**Exercise brief:**
Each of the entries below needs to be given again exactly.

**Data for this exercise:**
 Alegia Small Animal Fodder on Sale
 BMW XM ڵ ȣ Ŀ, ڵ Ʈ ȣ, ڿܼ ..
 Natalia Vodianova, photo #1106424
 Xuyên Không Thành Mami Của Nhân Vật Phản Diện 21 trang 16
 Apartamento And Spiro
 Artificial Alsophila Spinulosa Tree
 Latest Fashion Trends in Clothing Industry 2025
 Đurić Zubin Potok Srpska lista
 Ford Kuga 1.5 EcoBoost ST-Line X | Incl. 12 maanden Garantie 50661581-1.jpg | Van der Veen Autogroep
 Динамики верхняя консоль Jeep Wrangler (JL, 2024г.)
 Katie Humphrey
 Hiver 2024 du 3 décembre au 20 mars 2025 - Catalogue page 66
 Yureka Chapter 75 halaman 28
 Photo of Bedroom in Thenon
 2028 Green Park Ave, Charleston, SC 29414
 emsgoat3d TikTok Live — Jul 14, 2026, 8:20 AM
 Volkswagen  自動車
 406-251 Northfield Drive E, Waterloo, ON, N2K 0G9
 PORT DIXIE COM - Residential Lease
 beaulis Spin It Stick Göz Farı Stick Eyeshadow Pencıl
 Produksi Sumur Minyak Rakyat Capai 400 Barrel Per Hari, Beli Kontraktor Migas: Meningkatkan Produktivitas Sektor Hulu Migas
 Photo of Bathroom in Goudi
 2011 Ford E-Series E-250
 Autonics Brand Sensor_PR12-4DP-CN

**Answer for the task:**
 Alegia Small Animal Fodder on Sale
 BMW XM ڵ ȣ Ŀ, ڵ Ʈ ȣ, ڿܼ ..
 Natalia Vodianova, photo #1106424
 Xuyên Không Thành Mami Của Nhân Vật Phản Diện 21 trang 16
 Apartamento And Spiro
 Artificial Alsophila Spinulosa Tree
 Latest Fashion Trends in Clothing Industry 2025
 Đurić Zubin Potok Srpska lista
 Ford Kuga 1.5 EcoBoost ST-Line X | Incl. 12 maanden Garantie 50661581-1.jpg | Van der Veen Autogroep
 Динамики верхняя консоль Jeep Wrangler (JL, 2024г.)
 Katie Humphrey
 Hiver 2024 du 3 décembre au 20 mars 2025 - Catalogue page 66
 Yureka Chapter 75 halaman 28
 Photo of Bedroom in Thenon
 2028 Green Park Ave, Charleston, SC 29414
 emsgoat3d TikTok Live — Jul 14, 2026, 8:20 AM
 Volkswagen  自動車
 406-251 Northfield Drive E, Waterloo, ON, N2K 0G9
 PORT DIXIE COM - Residential Lease
 beaulis Spin It Stick Göz Farı Stick Eyeshadow Pencıl
 Produksi Sumur Minyak Rakyat Capai 400 Barrel Per Hari, Beli Kontraktor Migas: Meningkatkan Produktivitas Sektor Hulu Migas
 Photo of Bathroom in Goudi
 2011 Ford E-Series E-250
 Autonics Brand Sensor_PR12-4DP-CN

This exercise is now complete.